The Deputy President’s reasons for decision
[7] We note that Mr Stupar was represented by a lawyer in the proceedings before the Deputy President. As we have earlier indicated, Ms Bernasconi appeared for the respondent. We have closely considered all of the Deputy President’s reasons for decision. We need only summarise the key issues which she addressed. After he had filed his s.394 application, Mr Stupar participated in a conference before a Member of the Commission. He was provided with the services of an interpreter at that conference. There was no dispute that a document containing terms of settlement was prepared and that Mr Stupar signed that document. Pursuant to its terms, an amount of money was to be paid to him which was to be “a once and for all settlement of all matters arising from the course of the Applicant’s employment and the cessation of the Applicant’s employment with the Respondent”. Mr Stupar was paid the amount referred to in the terms of settlement. Subsequently, Mr Stupar wrote to the Commission seeking a further conference on the basis he had misunderstood the nature of the document that he had signed. He said he did not know that it would prevent him from taking other action against the respondent. He made comments about what he said the interpreter had told him. He also made an application for the Commission to hear and determine whether the terms of settlement document should be set aside. The respondent then filed its application under s.587(1)(c) of the Act seeking the dismissal of the s.394 application.
[8] Mr Stupar gave evidence in the proceedings and the Deputy President summarised each of the reasons he relied upon in support of the terms of settlement being set aside. Having considered the various judgments referred to by Mr Stupar’s lawyer and Ms Bernasconi, the Deputy President said she accepted the submissions of the respondent that the Commission is not empowered to set aside the agreement which had been reached and reflected in the terms of settlement. She was not satisfied that Mr Stupar was unaware of what he was signing. The interpreter had not been called to give evidence and the Deputy President was unable to find that person had misled Mr Stupar. She noted the interpreter had signed the terms of agreement and attested that the document had been interpreted by her. There was no basis upon which the Deputy President could find that the terms of settlement had not been accurately translated to Mr Stupar. She said that Mr Stupar had not been a reliable witness and was not clear at the hearing about what he had agreed to. She found that he had intended to settle his unfair dismissal claim and had received monies in accordance with the terms of that settlement. She concluded that, on the material before her, Mr Stupar’s s.394 claim had no reasonable prospects of success. She dismissed his application for an unfair dismissal remedy.
The notice of appeal
[9] Before we turn to the notice of appeal filed by Mr Stupar, we should note that he failed to comply with the directions contained in the notice of listing of this appeal about the need for him to file and serve an appeal book. He made no attempt to file any such document, nor did he seek relief from the obligation to do so. This failure of itself might have persuaded us to decline to grant permission to appeal, particularly given his non-attendance at the hearing. However, we decided to proceed to consider his appeal by reference to the notice of appeal he filed.

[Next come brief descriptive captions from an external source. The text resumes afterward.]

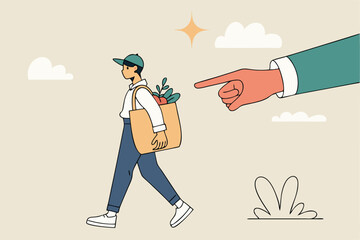 Fired employee, layoff or dismissal worker, misconduct or underperform staff, failure or trouble employment, jobless or unemployment concept, boss pointing finger to fires, layoff misconduct employee.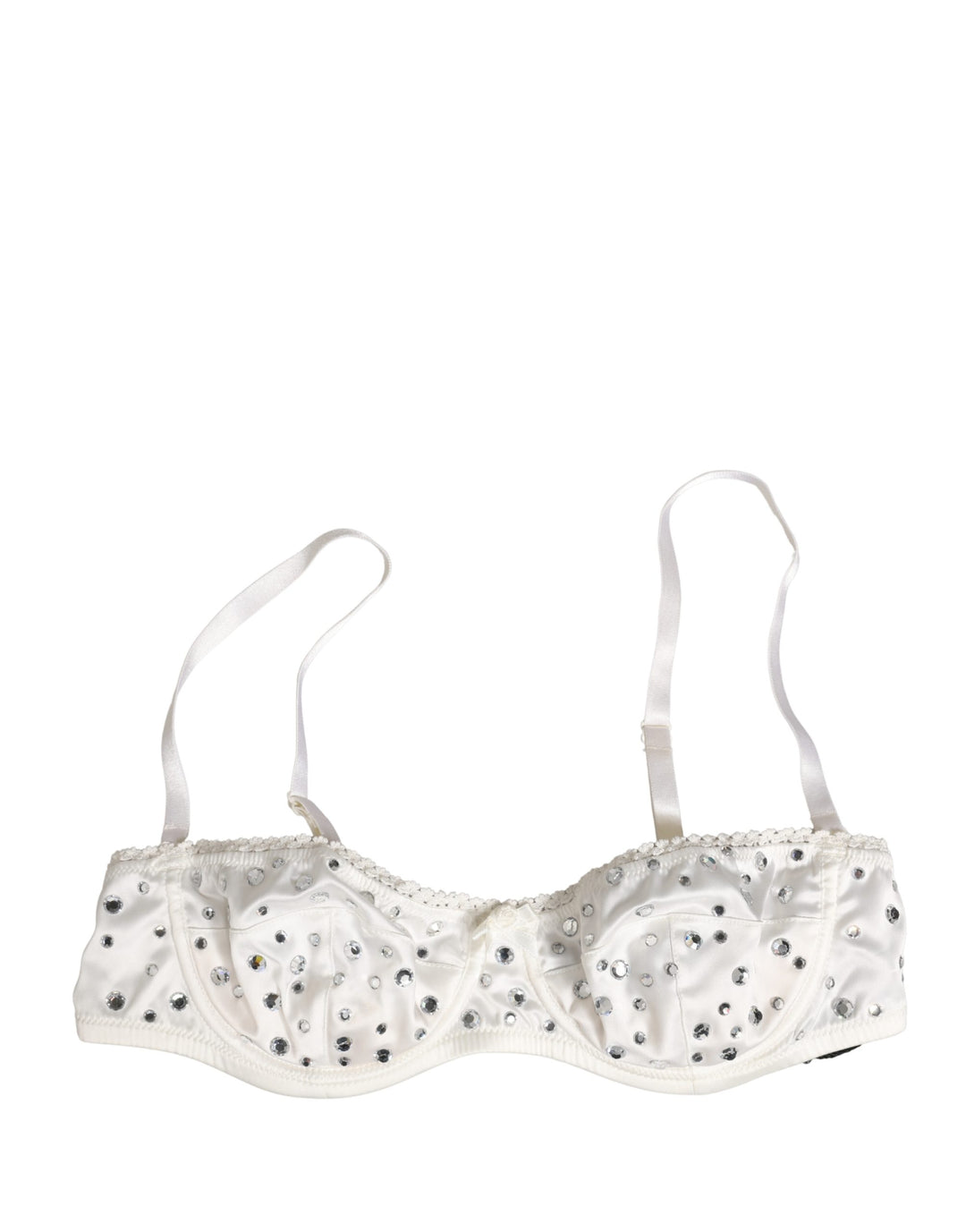 Dolce &amp; Gabbana White Rhinestone Semi-Pad Underwire Bra Underwear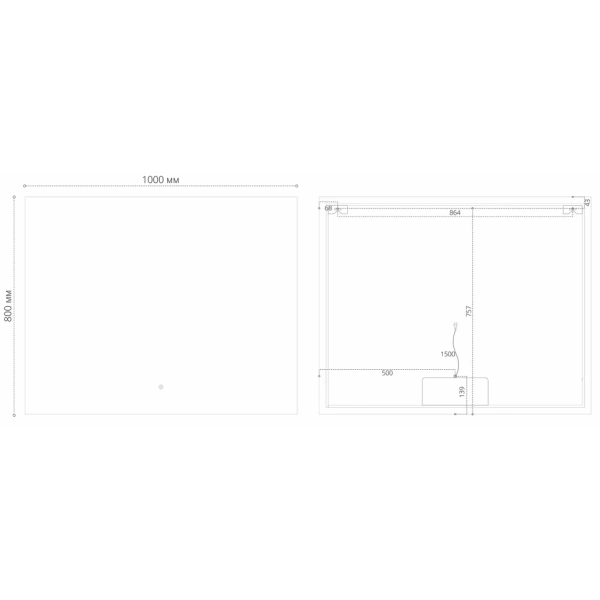 Зеркало (100х80) Grossman PRAGMA-норма 1810080 LED с сенсорным выключателем и подогревом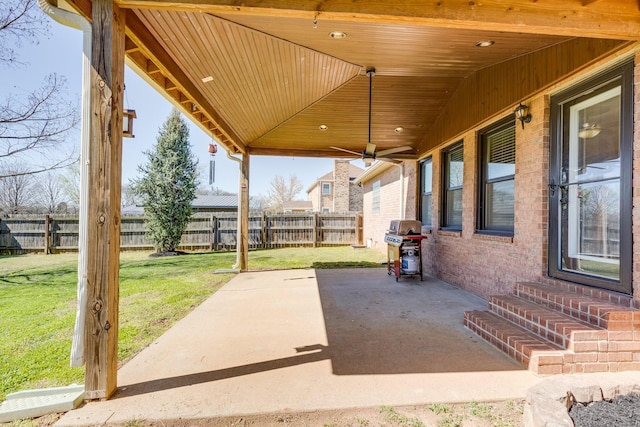 1410 Wall St, Murfreesboro, TN 37130 - view of patio / terrace with a grill, entry steps, and a ceiling fan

[10] The notice of appeal contains a number of documents, some typewritten and some handwritten. They are not documents which were exhibits in the hearing before the Deputy President. Nowhere in the notice of appeal, or the documents which accompanied it, are we able to identify any reference to why we should be persuaded that it would be in the public interest to grant permission to appeal. Similarly, there is no identification in the documentation of any other reasons why permission to appeal should be granted. The matters raised in the notice of appeal do not identify any findings made by the Deputy President which are said to constitute appealable errors. There is no identification of any significant error of fact. It is apparent from the notice of appeal that Mr Stupar is dissatisfied with the conclusion reached below. He also maintains his dissatisfaction with the way he was treated by the respondent. The appellant’s task however is to persuade us there is some appealable error in the Deputy President’s reasons for decision. We are not able to identify anything in the appellant’s documentation that does so.
[11] It is clear from the summary we have earlier given of the Deputy President’s decision that she set out the relevant background facts. They were not put in issue by counsel who appeared for Mr Stupar. A fair opportunity to give evidence and make submissions was given. Each finding made by the Deputy President was reasonably available on the evidence and submissions. There is no suggestion in the notice of appeal that the relevant case law was not considered.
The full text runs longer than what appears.